◆ Assignment ◆
Go through the listing below and repeat it exactly, omitting each picture.

◆ Source material ◆
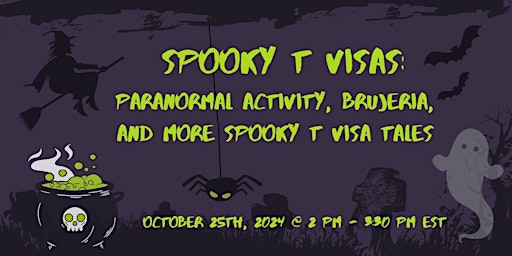 Imagen principal de Spooky T visas: Paranormal activity, brujeria, and more spooky T visa tales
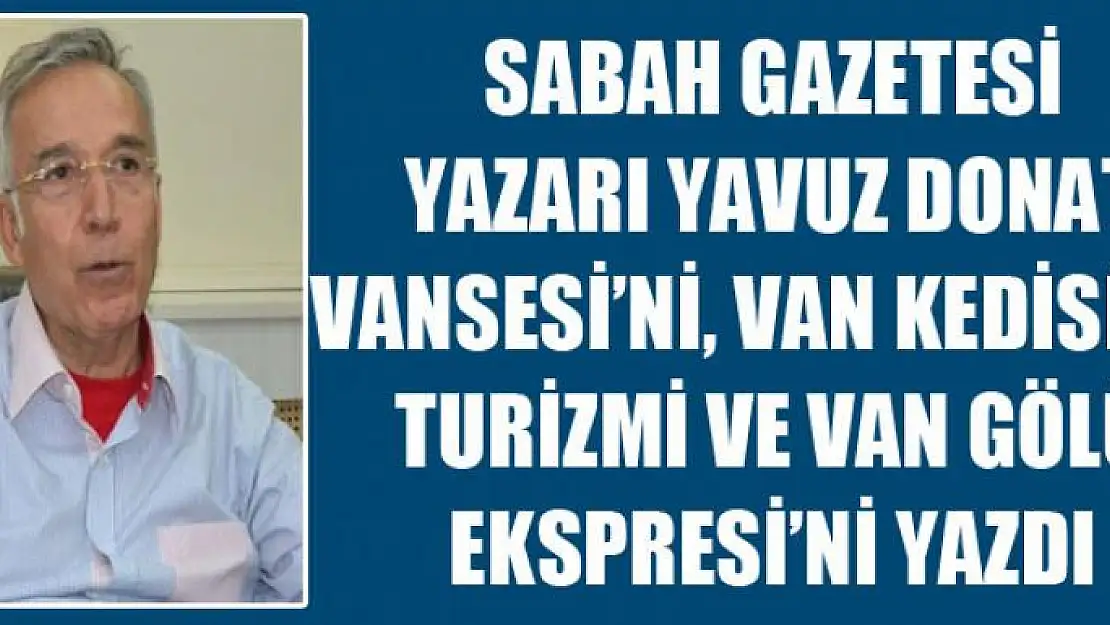 Sabah Gazetesi Yazarı Yavuz Donat Vansesi'ni, Van Kedisi'ni, Turizmi Ve Van Gölü Ekspresi'ni Yazdı 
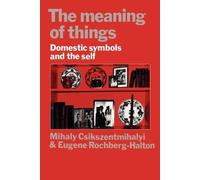 The Meaning of Things: Domestic Symbols and the Self by Csikszentmihalyi, Mihaly
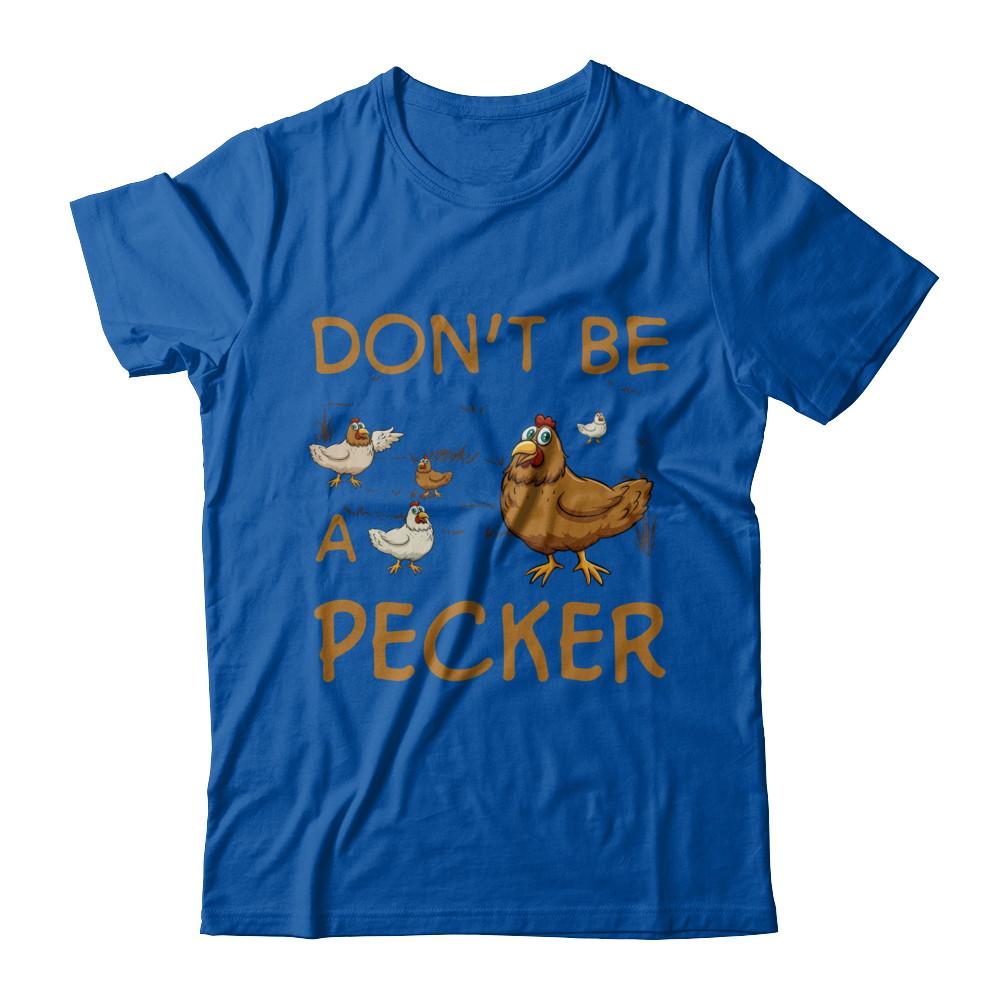 Don't Be A Pecker Chicken Farmer-T-Shirt & Hoodie-Premium T-Shirt-Royal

◆ Solution to this task ◆
 Imagen principal de Spooky T visas: Paranormal activity, brujeria, and more spooky T visa tales
 Sabah Gazetesi Yazarı Yavuz Donat Vansesi'ni, Van Kedisi'ni, Turizmi Ve Van Gölü Ekspresi'ni Yazdı 
 The Meaning of Things: Domestic Symbols and the Self by Csikszentmihalyi, Mihaly
 Don't Be A Pecker Chicken Farmer-T-Shirt & Hoodie-Premium T-Shirt-Royal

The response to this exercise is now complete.